Hi C7KEN, Thankyou, I am now all sorted for around Dumfries. Am seeking a site near to Ardrossan for a few days so that my sister might visit the Isle of Arran by bicycle, her request not mine as I spent quite some time anchored off Brodick boating in for mail, papers etc. (part of my distant past)
Regards
Ian


----------



## carolgavin (May 9, 2005)

solentviews said:


> Hi C7KEN, Thankyou, I am now all sorted for around Dumfries. Am seeking a site near to Ardrossan for a few days so that my sister might visit the Isle of Arran by bicycle, her request not mine as I spent quite some time anchored off Brodick boating in for mail, papers etc. (part of my distant past)
> Regards
> Ian


Hi Ian where exactly are you staying and when hon cos Culzean Castle only a hop skip and a jump from Ardrossan. Ok have looked at map and it slightly further than I thought. Neighbouring areas are Saltcoats, Kilwinning, Irvine, Troon. No idea whether they are within cycling distance though. At the moment cannot find campsite in Ardrossan but will keep looking!!


----------



## solentviews (May 9, 2005)

Thanks Carol not Gavin!  I am staying at Culzean Castle C & CC site on the 8th 9th and 10th of August. I then thought if I nudged nearer to Ardrossan it would be easier for Sis. She is far from fit at present but has this desire to take the bikes to Arran. I could find nothing really close although my next thought is whether there is motorhome parking at Ardrossan.
Ian


----------



## sallytrafic (Jan 17, 2006)

I had you down as guest of honour at Dumfries Castle (see HRH's movements today)


----------



## JockandRita (Jun 1, 2005)

> Neighbouring areas are Saltcoats, Kilwinning, Irvine, Troon. No idea whether they are within cycling distance though.

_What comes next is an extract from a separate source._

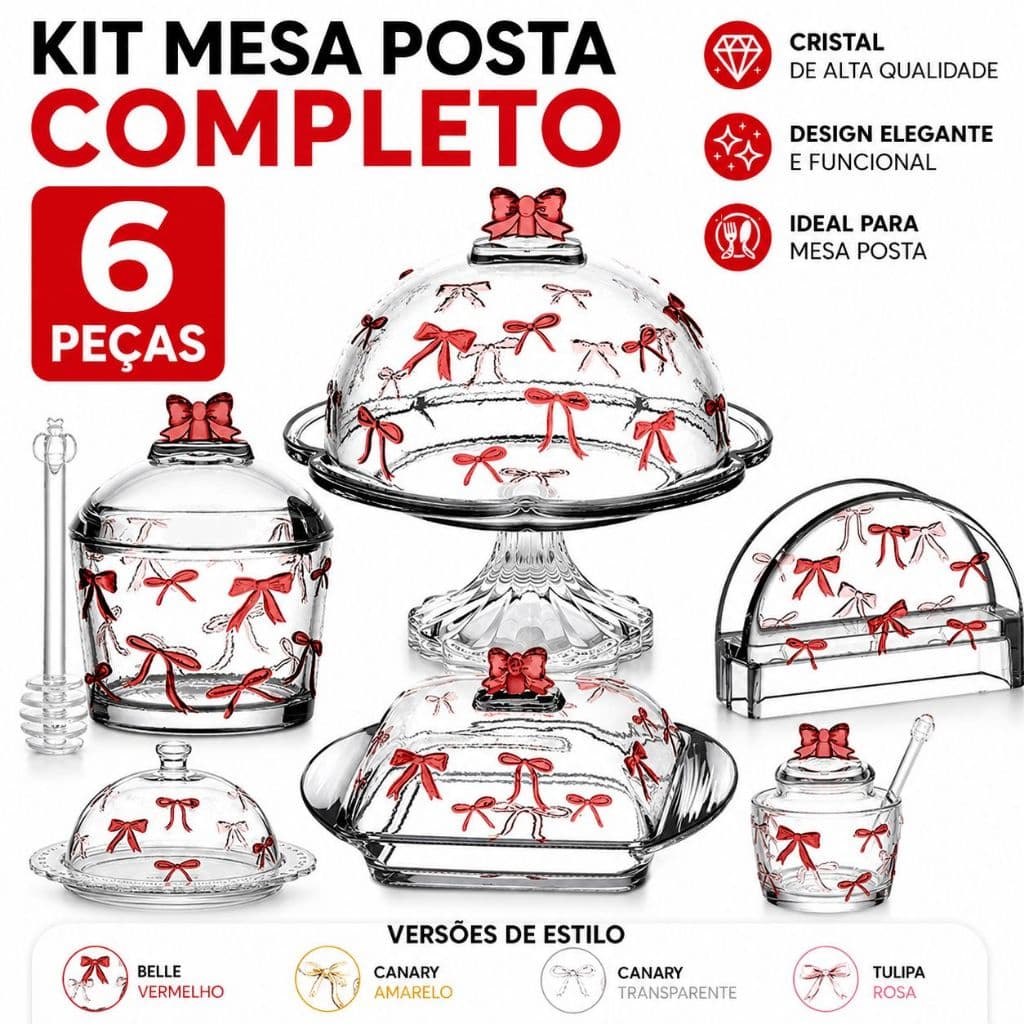 Kit Mesa Posta Cristal Luxo Boleira Porta Guardanapo Açucareiro Manteigueira Queijeira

It's not a journey I'd like to do on a bike Carol. Culzean is quite a way from Ardrossan too, ( says the boy from Ayr). :wink:

Ian, I don't think that you will have much problem parking the MH at Ardrossan.
Whilst at Culzean, have you thought about going to Belfast for the day, as foot passengers on the HSS from Stranraer. We did it a couple of years ago, but from Troon (no longer running), and it was a good day out. Belfast is a lovely city, and folks are really friendly. There's a bus from the ferry terminal right into the heart of the city.

Jock.
(Edited, to add to).

Ardrossan Ferry Terminal

Stranraer Ferry Terminal


----------



## solentviews (May 9, 2005)

Thanks Jock, No I had not considered Belfast will plug it in to Sis and see what she thinks.
Ian


----------